This tutorial provides step-by-step instructions to estimate the properties of the source of the gravitational events (GW) detected by the LIGO-Virgo-KAGRA (LVK) collaboration. The parameter estimation is performed with `LALInference`, a software library developed by the LVK collaboration to perform Bayesian inference of GW source properties for binary systems of black holes and/or neutron stars, and used during the three first observation runs. This tutorial can be adapted to analyse any event in the GWTC-2 & 3 catalogs. 

#### Content
The tutorial provides instruction to: 
- install `LALInference`
- download the GW strain 
- downlaod the PSD and calibration envelops
- read the configuration options
- start a `LALInference` run

#### Note
This tutorial is intended to be ran with a local `conda` installation on a mac or Linux computer, and does not support mybinder nor Google Colab.

It is adviced to use the official `IGWN` environment, see the [documentation](https://computing.docs.ligo.org/conda/) for details and instructions.

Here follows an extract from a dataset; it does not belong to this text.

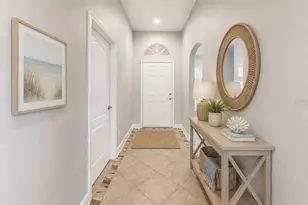 1836 Raven Glen Dr, Ruskin, FL 33570 - Photo 5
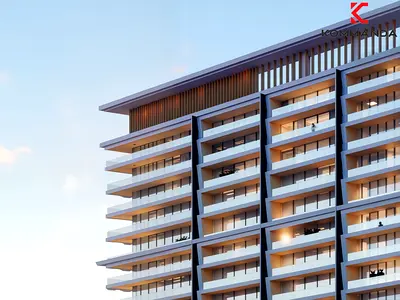 Prime Homes | Real Price | Flexible Terms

Instructions about setting up a `conda` environement are available on [this page](https://github.com/gw-odw/odw-2022/blob/main/setup.md) (option 3). 
The following packages must be installed in the conda environment: 
- `conda install --channel conda-forge lalsuite` 
- `conda install -c conda-forge pesummary`

   
#### Documentation
- The formalism of the LALInference package is described in the following article: 
[Phys. Rev. D 91, 042003 (2015)](https://arxiv.org/abs/1409.7215)
- A lecture of GW parameter estimation with Bayesian inference: [Recording of GWOSC ODW #2](https://www.youtube.com/watch?v=_NaAKeVJe1s&t=1s)
- All the GWOSC open data workshops lectures: [Link to GWOSC ODW](https://www.gw-openscience.org/workshops/)

#### Acknowledgements
This tutorial is created by Leïla Haegel (leila.haegel@ligo.org), based on utilitary software designed by the LVK collaboration members. A special thanks is due to Charlie Hoy and Marc Arène for their assistance in understanding `PESummary` and `LALInference`.

**Last update**: May 2022


##  A bit of theory

**Introduction**: `LALInference` [1] uses Markov chains to sample the posterior probability of the GW source parameters (for GW emitted by binary systems of black holes and/or neutron stars). 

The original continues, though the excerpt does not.